Premier constat : Qu’on en soit conscient ou pas, le geste de couper est partout. Dans les gestes mais surtout, comme le montre Claire Kail, dans sa contribution, jusque dans les mots.
Dans les métiers artisanaux, couper fait partie des opérations de base de la fabrication des objets. On enlève de la substance, on évide, on taille, on sculpte : d’un matériau brut on tire une forme en retirant, en séparant les éléments. On rencontrera ici des passionnés de la coupe, des artistes de la séparation : un charpentier qui équarrit à la main les arbres qu’il a lui-même choisis dans la forêt. Un boucher qui s’attaque à la carcasse d’une vache, patiemment, pour en détacher les meilleurs morceaux sans gâcher. Un artisan qui sculpte avec minutie des pierres de valeur inestimable. Une toiletteuse qui tond un petit chien pour faire plaisir à son maître, et peut-être lui permettre d’être encore plus aimé. Un jardiner qui sculpte des buis au gré de ses images mentales et de ses rêves.
On ne va pas se le cacher : couper c’est avant tout un geste violent. On est tous et toutes abreuvées de représentations, sans doute fausses pour la plupart, des premiers humains inventant l’objet tranchant pour chasser, tuer, faire la guerre, apprêter des peaux, percer des os, racler des crânes ou couper des arbres.

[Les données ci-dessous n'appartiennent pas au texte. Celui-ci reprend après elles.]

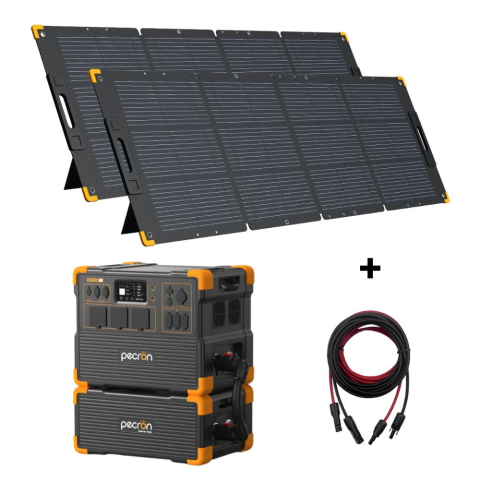 Toate generatoarele solare - Kit generator solar portabil PECRON E3600LFP+EP3000, 6144Wh 3600W + 2 panouri 200W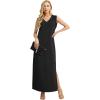 imageGRECERELLE 2025 Women Summer InsideOut VNeck Casual Loose Split WrinkleFree Long Maxi Beach Dress with PocketsBlack
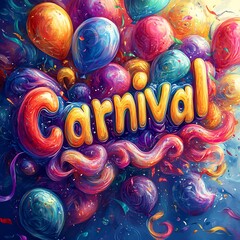 Poster - Colorful Carnival text large letters with multicolored balloons masks and swirling streamers on a vibrant gradient background designed to capture the fun and celebration of carnival posters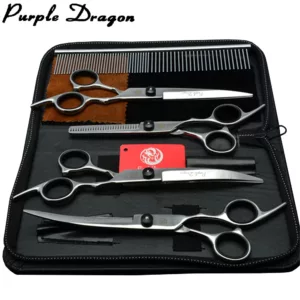 Dog Grooming Scissors Purple Dragon 6" 7" Stainless Pet Beauty Scissors Cutting Scissors Thinning Shears Curved Scissors Z3001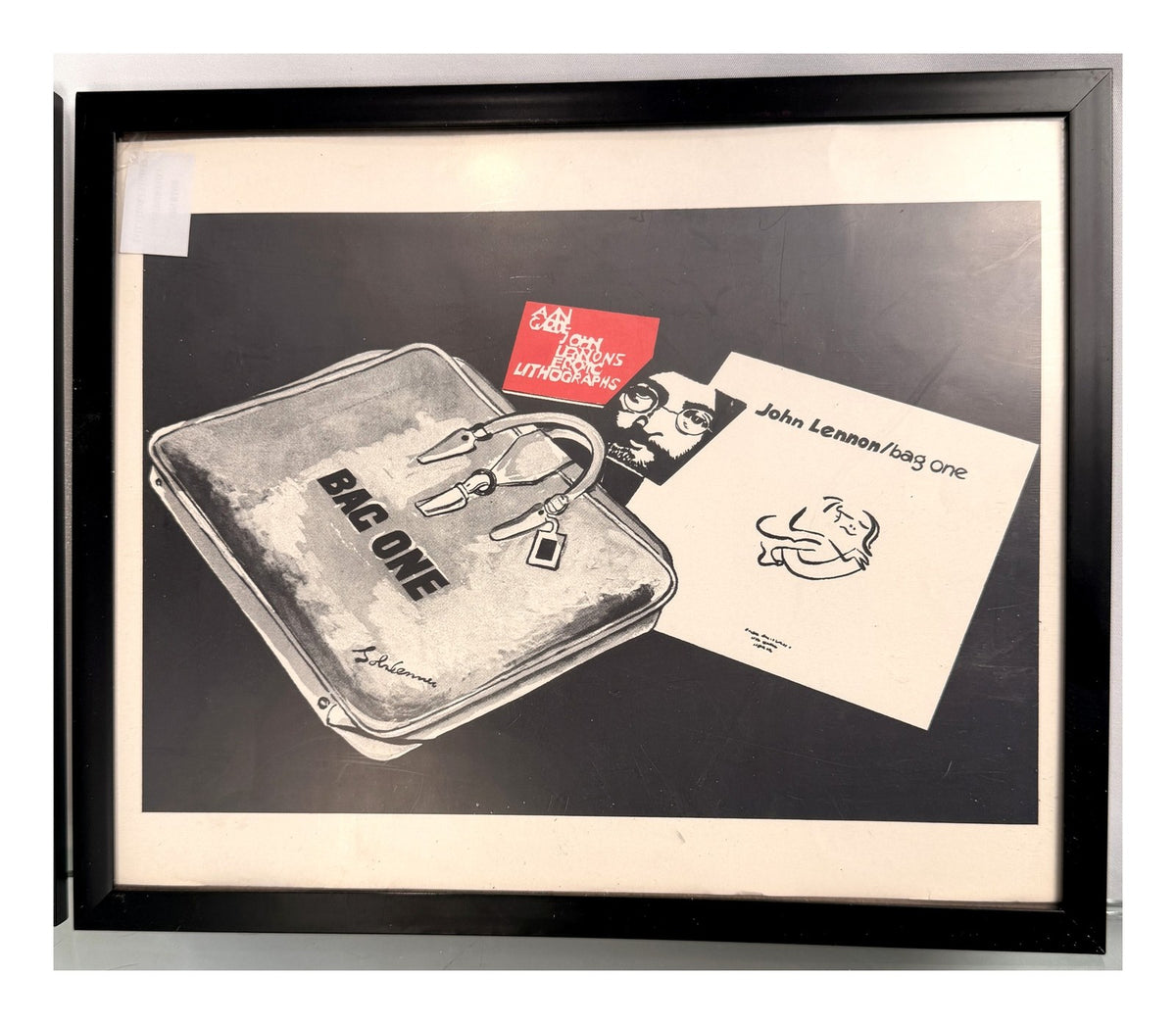 John Lennon Bag One Vintage Promo Print Erotic Lithographs Framed Beatles Art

Homo sapiens sapiens a tracé sa route et fait sa place dans les grandes forêts préhistoriques en défrichant, en décimant la mégafaune et en coupant ; on sait ainsi grâce au carbone 14 que les premiers couteaux datent d’au moins 2,5 millions d’années. Il est même fort probable que nous ayons appris à couper avant même de savoir maîtriser le feu. La découpe chemine avec l’humanité depuis le premier silex taillé jusqu’à notre ère industrielle, elle n’a rien perdu de sa charge violente et hostile.
Aujourd’hui encore, « couper » évoque des images de meurtres, de dissection, de sang qui coule, de tronçonneuses en folie dans des films d’horreur. Alors serait-il possible de concevoir la coupe comme une pratique réparatrice, et pas seulement comme quelque chose qui tire dans le sens contraire de la vie ?
Pour ce numéro, notre petite équipe est allée à la rencontre de toute une diversité de personnes qui nous ont faits changer d’avis. La chirurgienne esthétique, rencontrée par Jenna Castetbon et Romuald Roudier Théron, œuvre avant tout pour effacer les complexes et rendre confiance. Pour le même article, les auteur·ices sont allés à la rencontre d’un taxidermiste qui, en véritable artiste, redonne vie et intentions aux animaux qu’il découpe et vide de leurs entrailles. Dans ce numéro, il y a aussi des gens qui taillent des choses qui repoussent. L’article de Bérangère Bussioz nous apprend que pour cela il faut élaguer en fonction des saisons et des lunes, lorsque la végétation est « hors sève ». On trouve aussi des coupeurs de choses qui ne repousseront pas, comme cette carrière de pierre en Charente qui n’en a plus que pour une trentaine d’années d’exploitation : Qu’engage la découpe quand elle se fait à une telle échelle ? se demande Camille Azaïs dans son reportage.
Couper, bien évidemment, nous fait regarder la matière, mais aussi en passionné·es que nous sommes, les outils qui servent à la travailler. Haveuses, chante-perces, découpe au laser : on trouvera dans ce numéro un florilège de noms et de formes d’outils, des plus anciens aux ultramodernes, artisanaux (Les outils pour découper le cuir) comme industriels (La découpe industrielle). Couper c’est un équilibre à trouver : il faut souvent employer la force, mais avoir aussi de la délicatesse, de la précision, parfois au micron près. Les artisans de la pierre précieuse rencontrés par Tristan Pierard, qui n’ont pas le droit à l’erreur, en savent quelque chose.
Coupons court donc, et venons-en au fait : To Cut nous a ouvert de nouveaux horizons, tout en ambivalence et en délicatesse. Parfois ce fut à rebours de nos intuitions, mais toujours au plus proche des matières, des gestes et des savoir-faire ; autrement dit, 100 % Tools Magazine.